The Teachers Service Commission (TSC) has dismissed reports circulating online that claim the commission plans to stop direct Sacco deductions from teachers’ salaries starting in February 2025.
The misleading message falsely suggested that the TSC aimed to simplify payroll processes and give teachers more control over their finances, referring to the move as “transformative.” It claimed teachers would be required to manage their Sacco payments independently, using mobile money or online banking instead of automatic salary deductions.
TSC warned against the fake news on its official X account on Tuesday, urging caution.
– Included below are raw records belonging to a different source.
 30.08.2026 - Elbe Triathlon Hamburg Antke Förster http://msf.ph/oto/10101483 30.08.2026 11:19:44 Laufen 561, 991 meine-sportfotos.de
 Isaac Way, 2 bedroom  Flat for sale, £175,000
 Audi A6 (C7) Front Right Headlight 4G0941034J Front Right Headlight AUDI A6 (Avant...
Saccos (Savings and Credit Cooperative Organizations) are essential in promoting financial empowerment and stability for various professionals in Kenya, including teachers. These organizations provide crucial financial services, such as loans with favorable interest rates, to their members.
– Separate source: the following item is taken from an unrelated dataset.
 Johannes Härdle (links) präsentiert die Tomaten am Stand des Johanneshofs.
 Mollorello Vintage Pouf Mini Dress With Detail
Teachers in Kenya have access to several Saccos, including Mwalimu National Sacco and Elimu Sacco Society. Monthly contributions to these Saccos are typically deducted directly from teachers’ salaries by TSC.
While the management of Sacco finances remains the responsibility of the Saccos themselves, the Kenya Teachers’ Sacco Association (KETSA), established in 2007 under Cap 108 of Kenyan law, addresses operational challenges faced by primary member Saccos and offers a platform for collaboration and learning.
KETSA is governed by a board of directors elected from the executive boards of member Saccos, with the CEOs serving as the technical team. The association’s purpose is to advocate for the interests of its member Saccos and address operational challenges they encounter in their day-to-day activities.